The number and selectivity of ion channels determines the membrane potential.
Changes in membrane potential over periods of milliseconds are produced by changes in current flow across the membrane. This is accomplished by changes in the conformation of some ion channels. Most or all channels can switch back and forth between states in which ions can pass through them easily (“open”) and states in which they cannot (“closed”). Some channels can be induced to spend more time in one state or the other by changes in membrane potential ( voltage-gated channels ), others by the binding of some chemical, or ligand ( ligand-gated channels ).

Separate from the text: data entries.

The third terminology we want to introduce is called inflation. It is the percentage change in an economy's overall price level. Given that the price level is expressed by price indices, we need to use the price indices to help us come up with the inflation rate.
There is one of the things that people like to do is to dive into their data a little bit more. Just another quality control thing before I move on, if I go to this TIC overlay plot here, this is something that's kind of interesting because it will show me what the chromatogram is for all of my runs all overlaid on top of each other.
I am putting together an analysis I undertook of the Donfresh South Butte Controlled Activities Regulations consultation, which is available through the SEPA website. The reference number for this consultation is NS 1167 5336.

The Resting Membrane Potential of Typical Neurons Is Heavily Influenced, but Not Completely Determined, by the Potassium Concentration Gradient
The K + concentration inside neurons is much higher than that outside (because of ion pumps described a little later), and their surface membranes contain numerous K + channels that are usually in the open state. If these were the only ion channels in the membrane, the following scenario would develop. The concentration gradient would drive K + ions outward through the channels, creating a deficit of positive charges inside the cell. Opposite charges attract each other, so after a very small number of K + ions had left, the resulting intracellular negativity would pull K + ions back into the cell. At some point the concentration gradient and the electrical gradient would exactly counterbalance each other, and K + ions would enter and leave at equal rates ( Fig. 7.1 ). The system would be in equilibrium , with no net movement of K + in either direction and no energy requirement to stay that way. The transmembrane potential at which this occurs, the potassium equilibrium potential or V K , is a logarithmic function of the concentration gradient and is specified by the Nernst equation . At body temperature, a tenfold change in the K + concentration on one side of the membrane causes a 62 mV change in V K .

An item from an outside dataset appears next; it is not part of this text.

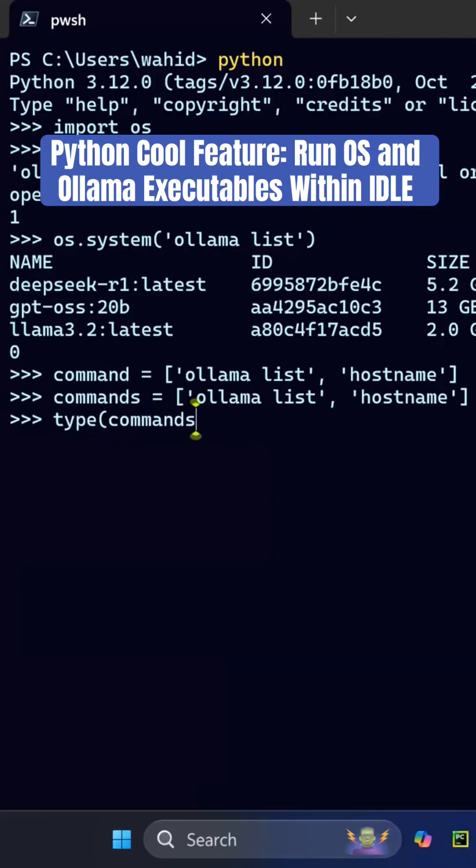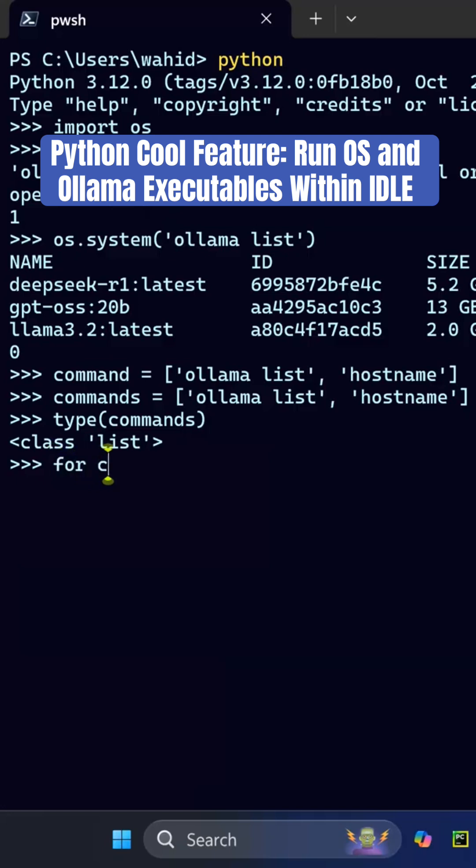Commands - this is a list, right? So I say the data structure is a list. I say for cmd in commands...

In reality, however, the K + channels are not 100% selective for K + , and not all the channels in a resting membrane are K + channels. As a result, Na + ions are also able to flow across the membrane. The Na + concentration outside of neurons is much higher than that inside, so Na + moves into the cell because of both the concentration gradient and the intracellular negativity. The result is competing ion flows ( Fig. 7.2 )—inward Na + flow trying to move the membrane potential to V Na and outward K + flow trying to move the membrane potential to V K . A steady state is reached at a potential somewhere between V Na and V K . Just where the steady state is reached is determined by the ion to which the membrane is more permeable. Hence, V Na and V K are boundary values for the membrane potential, and changes in membrane permeability to Na + or K + will cause the membrane potential to move closer to one or the other; this is the usual basis for electrical signaling by neurons. The membranes of most neurons most of the time are much more permeable to K + than to Na + , so the resting membrane potential is close to V K .

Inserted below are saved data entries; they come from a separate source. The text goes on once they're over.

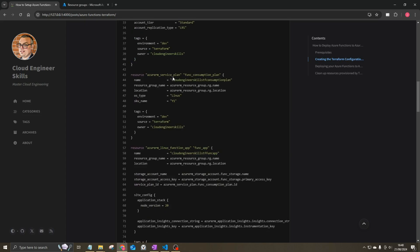Next, we've got a service plan resource — an App Service Plan required for function apps. We'll be using the consumption plan with SKU name Y1, named cloud-engineer-skills-tf-consumption-plan. It goes in the same resource group and location, and we'll use an OS type of Linux with those same tags.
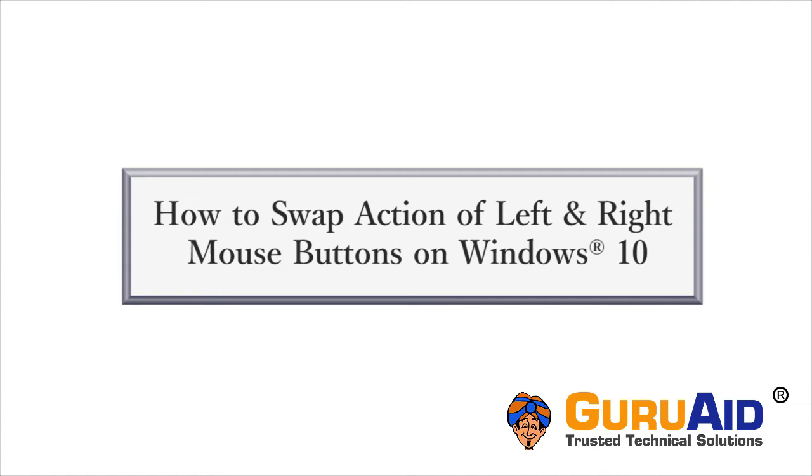It's very easy to swap the action of your mouse buttons. Let's see how to swap action of left and right mouse buttons on Windows 10.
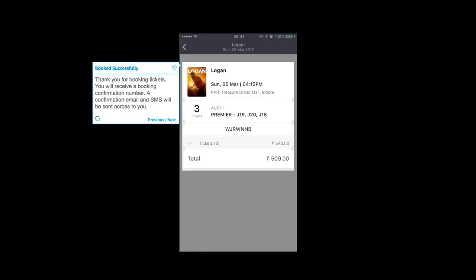Thank you for booking tickets. You will receive a booking confirmation number. A confirmation email and SMS will be sent across to you.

Concentration Gradients Are Maintained by Membrane Proteins That Pump Ions
A major difference between the theoretical K + -selective membrane and the real-life membrane that is permeable to both K + and Na + is that energy is required to maintain the concentration gradients across real-life membranes. If K + continually flowed out and Na + continually flowed in, the ionic concentration gradients across the membrane would fade away and the membrane potential would decline toward zero. This is averted by another class of membrane-spanning proteins, ion pumps, that use the energy liberated by hydrolysis of ATP to pump ions in the opposite direction and so maintain concentration gradients. The best-known example is the Na + /K + exchange pump that pumps Na + out and K + in, compensating for the steady-state leakage through channels.